“I’ve never heard you talk to your parents. That on purpose?”
His shoulders rose up around his ears and he seemed to hunch in on himself.
“Ri?”
“We’re not close,” he said quietly, not turning to look at me.
I had to turn down the radio and lean over a little. “Not close?”
He lifted his chin slightly, while his hand gripped his thigh. “They’ve tried to change me for a long time, not accepting me as I am, and I don’t need that in my life.” Then he finally turned to look at me. “I don’t trust them.”
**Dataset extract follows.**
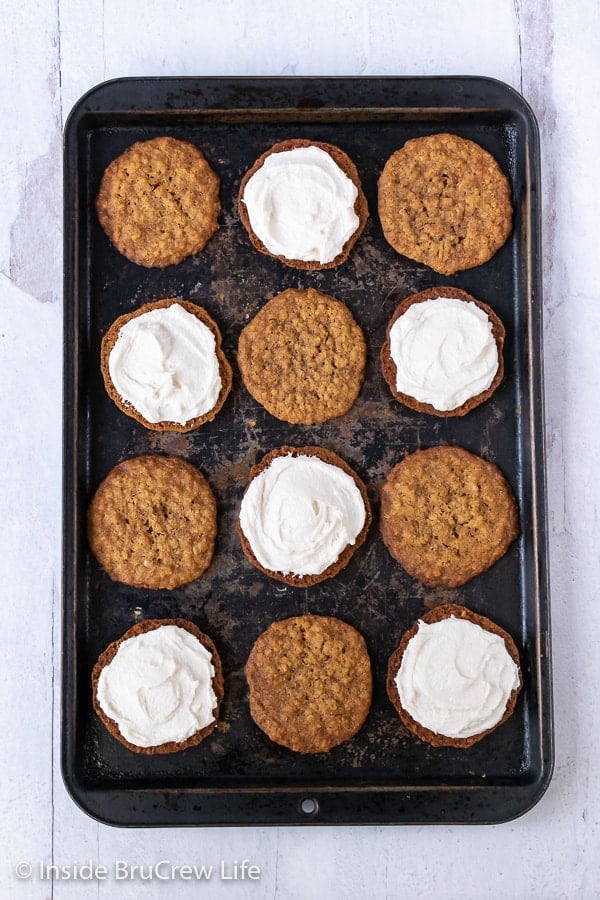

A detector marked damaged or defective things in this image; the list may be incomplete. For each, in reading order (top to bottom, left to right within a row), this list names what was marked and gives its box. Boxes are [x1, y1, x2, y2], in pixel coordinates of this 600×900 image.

rusty stained pan surface [62, 77, 552, 824] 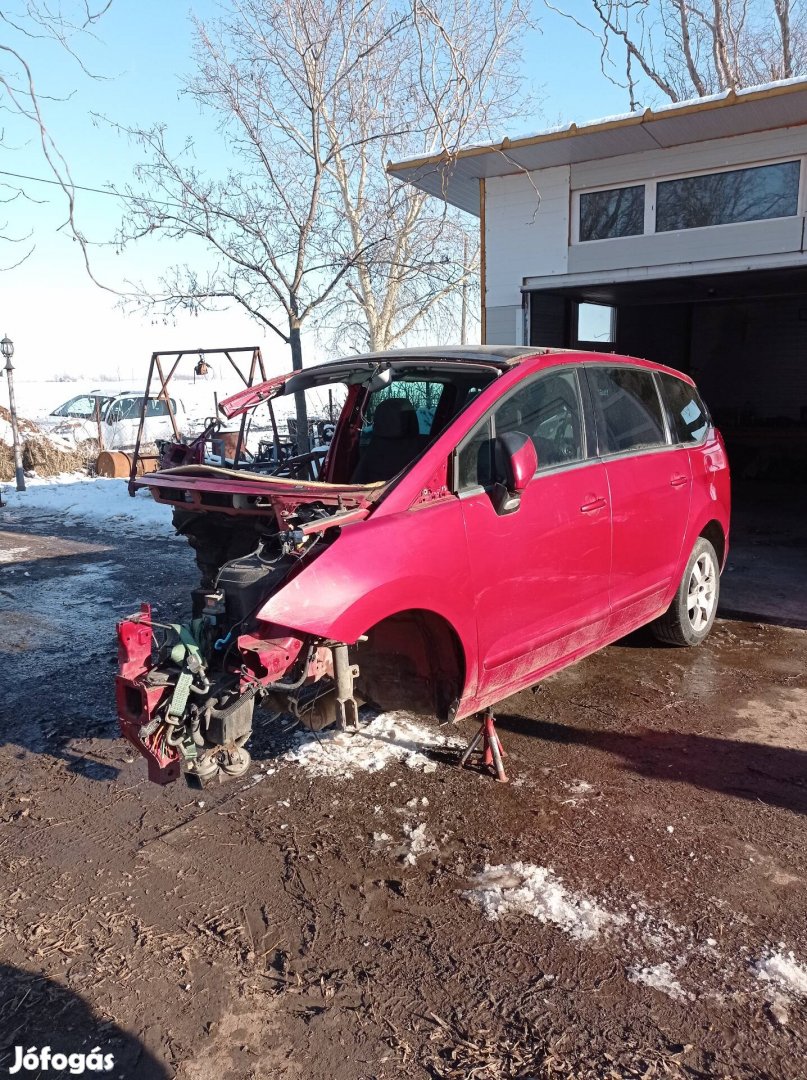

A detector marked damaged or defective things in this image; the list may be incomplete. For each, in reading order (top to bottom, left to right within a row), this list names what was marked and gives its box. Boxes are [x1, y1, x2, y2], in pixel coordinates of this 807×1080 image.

damaged red car [116, 345, 730, 786] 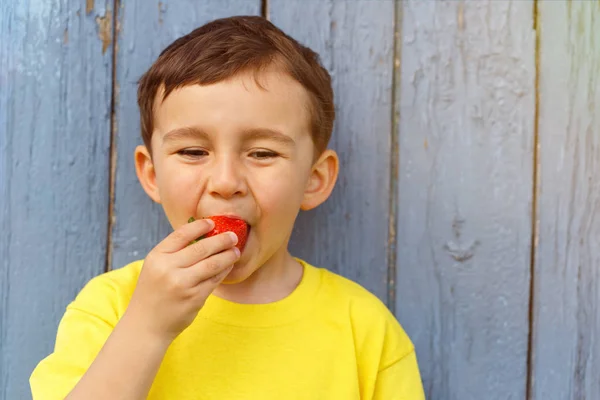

I frowned. “Is this about you being gay?”
His eyes shifted slightly to my hands on the steering wheel. He leaned back in his seat and stared out of the windshield, wiping his hands up and down his pants. “Something like that.”
His response was cryptic and I wanted to ask more questions, but if he didn’t want to talk about it, I wasn’t going to make him. He was uncomfortable about the topic for sure.
So I dropped it, but the conversation had only seemed to turn his sour mood bitter.
***
We checked into a hotel in Dallas. After stays in motels on deserted highways, it felt pretty great to step in to a hotel with elevators and key cards and a room with a minifridge.
Riley was on his back on top of the sheets, a forearm over his eyes. I let my gaze trail down his body, feeling awkward and voyeuristic but unable to stop myself. His leg twitched and I snapped my eyes back up to his face. He hadn’t moved his arm. I prayed he hadn’t caught me ogling him. He’d placed a boundary between us and I needed to respect that.
I cleared my throat. “Going to head over to the grocery store across the street. You want anything?”
He shrugged his shoulders. “I’m not really hungry.”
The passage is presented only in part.